Data and Statistics on Stillbirth

What to know

Stillbirth affects about 1 in 175 births, and each year about 21,000 babies are stillborn in the United States. That is about the same as the number of babies that die during the first year of life.

Black and white photo of adult hands holding baby shoes

What the data show

Since the 1940s, overall improvements in maternity care resulted in a dramatic reduction in the occurrence of stillbirth.1 In the past 30 years, medical advancements have reduced the number of late and term stillbirths. Recently however, the overall rate of decline has slowed.

Who is affected

Stillbirth occurs in families of all races, ethnicities, and income levels, and to women of all ages. However, stillbirths do occur more often to women in certain racial or ethnic groups. In 2021, stillbirth occurred among non-Hispanic Black women two times more often than non-Hispanic Asian or Pacific Islander and White women.2

These disparities could possibly be attributed to many underlying causes, including access to quality healthcare, pre-existing health conditions, and structural discrimination.

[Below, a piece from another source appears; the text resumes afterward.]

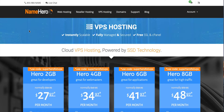Hi everyone, and welcome to NameHero.com. In this video, I want to talk about adding Cloud Linux to your VPS. This is more for those of you that are engaging in reseller hosting. Cloud Linux allows you to apply specific limits to each cPanel account that's created so that not one cPanel account takes all the resources of the server.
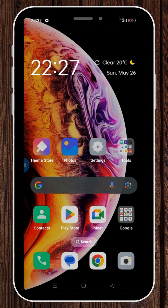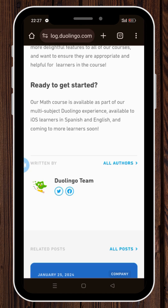Welcome everyone. Today in this video we're about to see how to access Duolingo Math on an Android device. But before you start, make sure you don't have the Duolingo app installed in your phone yet. As you can see, when we head to the official Duolingo website, it says that their math course is available to iOS learners only.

  1. Woods R. Long-term trends in fetal mortality: implications for developing countries. Bull World Health Organ. 2008 Jun;86(6):460-6. PMID: 18568275.
  2. Gregory ECW, Valenzuela CP, Hoyert DL. Fetal mortality: United States, 2021. National Vital Statistics Reports; vol 72 no 8. Hyattsville, MD: National Center for Health Statistics. 2023.
  • Hoyert DL, Gregory EC. Cause-of-death Data From the Fetal Death File,2018-2020. Natl Vital Stat Rep. 2022 Oct;71(7):1-20. PMID: 36301230.